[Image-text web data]
★ ★ ★ ★ ★

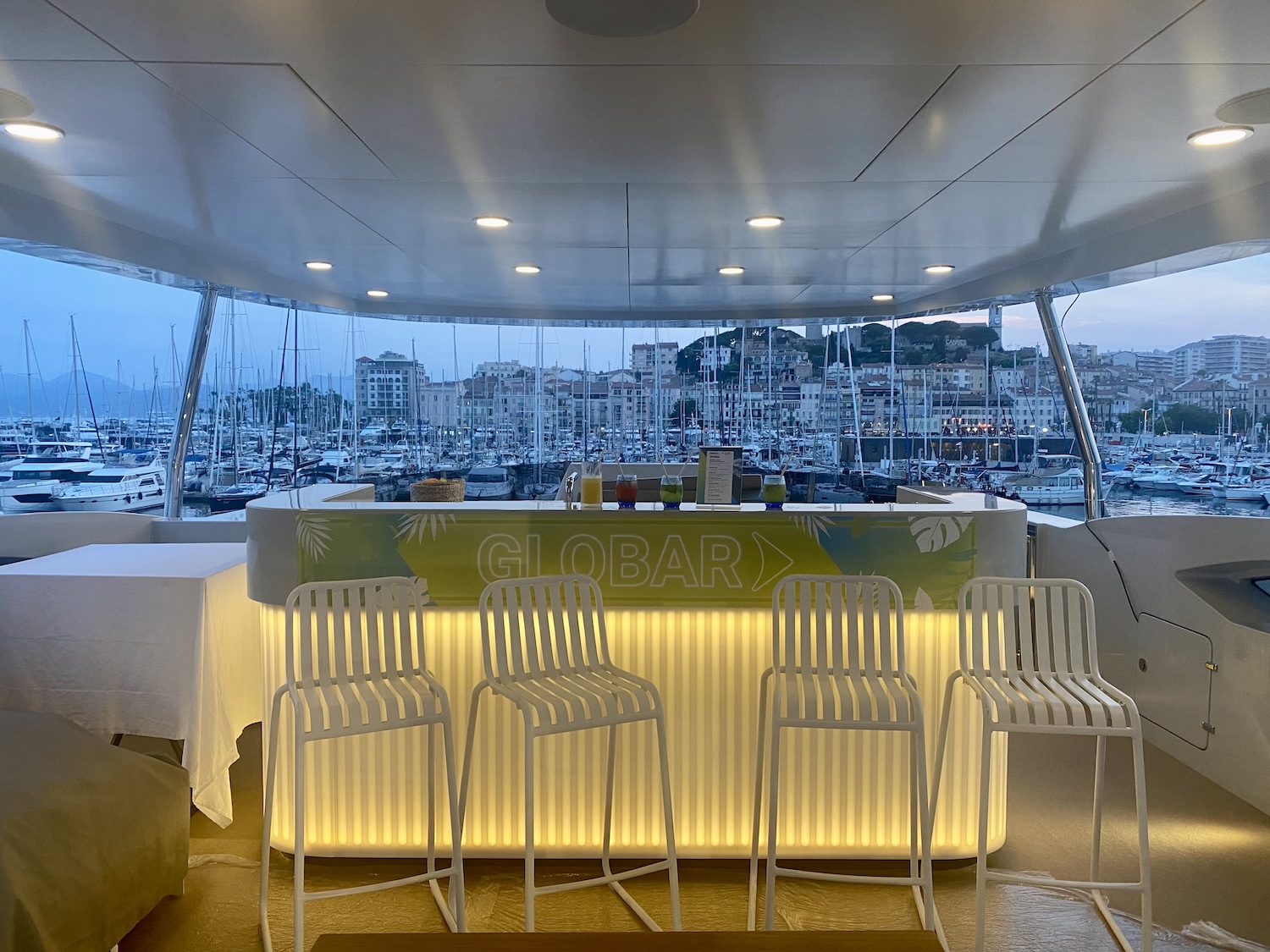 Bar on deck of yacht at Cannes Lions 2025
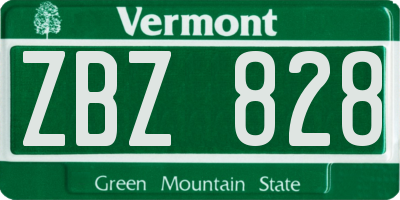 VT license plate ZBZ828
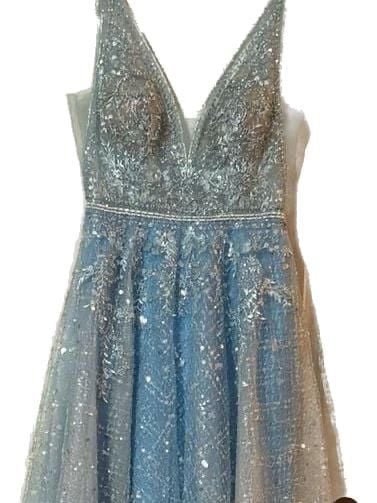 Ellie Wilde by Mon Cheri EW121057 Blue V-Neck Sequined Lace Prom Gown 3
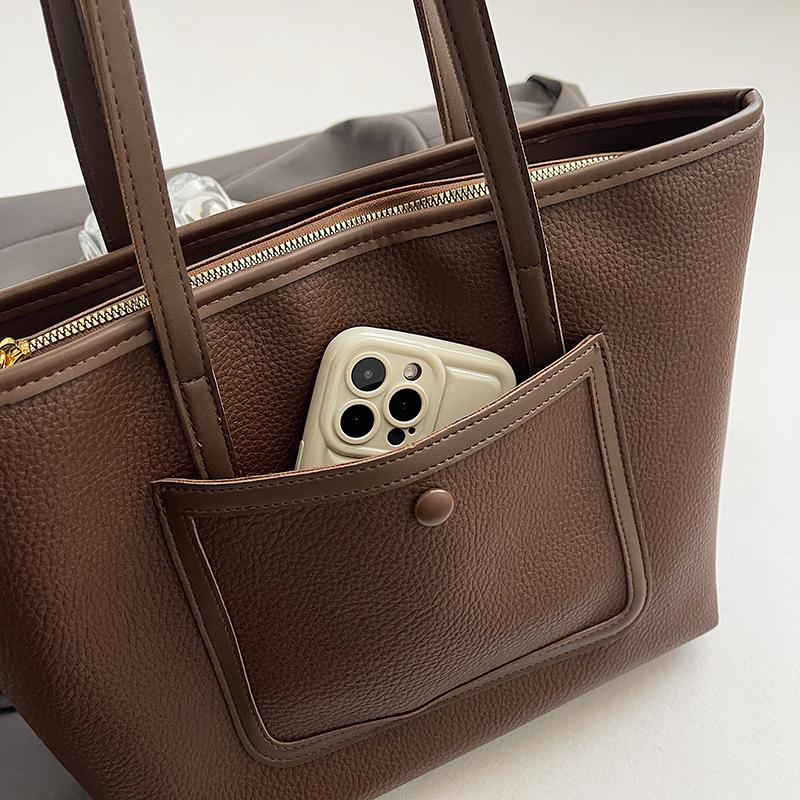 1 new PU handbag New large capacity travel shoulder bag high-end quality women's bag Fashion niche casual women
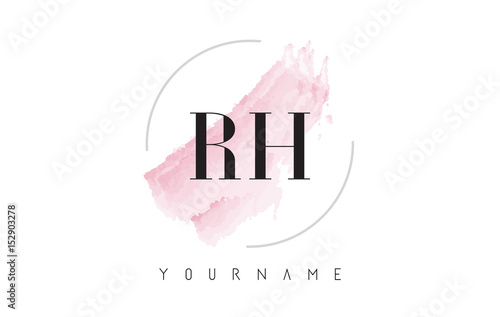 RH R H Watercolor Letter Logo Design with Circular Brush Pattern.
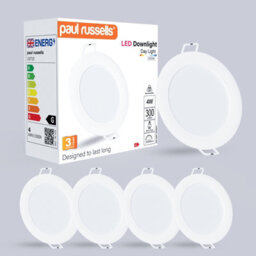 Paul Russells Led Round Panel Ceiling Lights, 6W 550 Lumens, Spotlights, Ip20, 6500K Day Light, Pack Of 4 - thumbnail 1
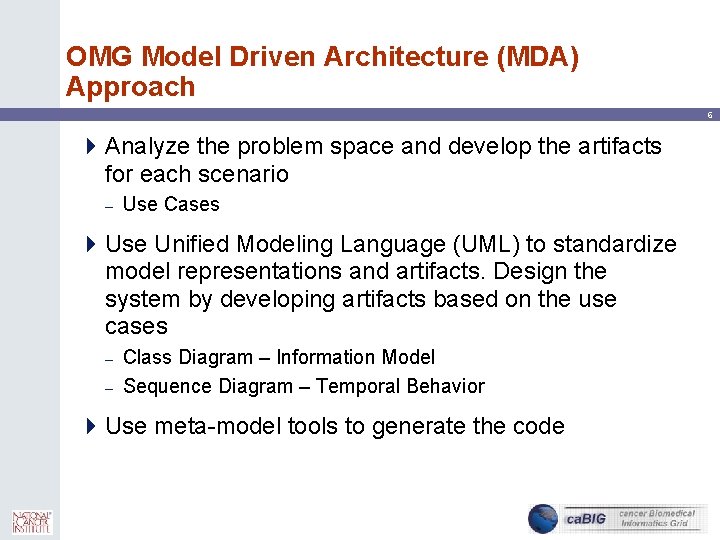 OMG Model Driven Architecture (MDA) Approach 6 4 Analyze the problem space and develop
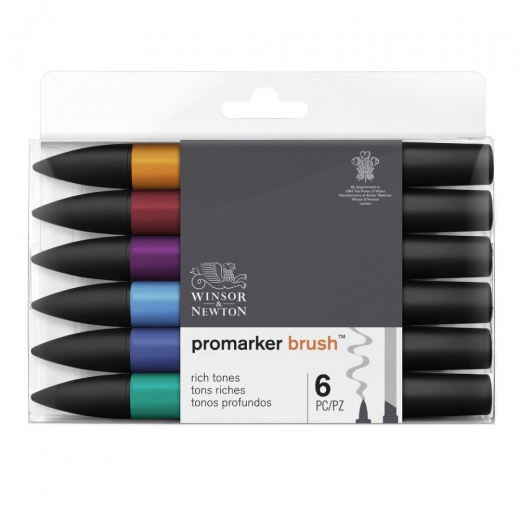 Winsor&Newton brushmarker rich tones zestaw 6 kolorów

★ ★ ★ ★ ★

Task: When you copy the data above, reproduce each line exactly and skip every image.

Answer section:
 Bar on deck of yacht at Cannes Lions 2025
 VT license plate ZBZ828
 Ellie Wilde by Mon Cheri EW121057 Blue V-Neck Sequined Lace Prom Gown 3
 1 new PU handbag New large capacity travel shoulder bag high-end quality women's bag Fashion niche casual women
 RH R H Watercolor Letter Logo Design with Circular Brush Pattern.
 Paul Russells Led Round Panel Ceiling Lights, 6W 550 Lumens, Spotlights, Ip20, 6500K Day Light, Pack Of 4 - thumbnail 1
 OMG Model Driven Architecture (MDA) Approach 6 4 Analyze the problem space and develop
 Winsor&Newton brushmarker rich tones zestaw 6 kolorów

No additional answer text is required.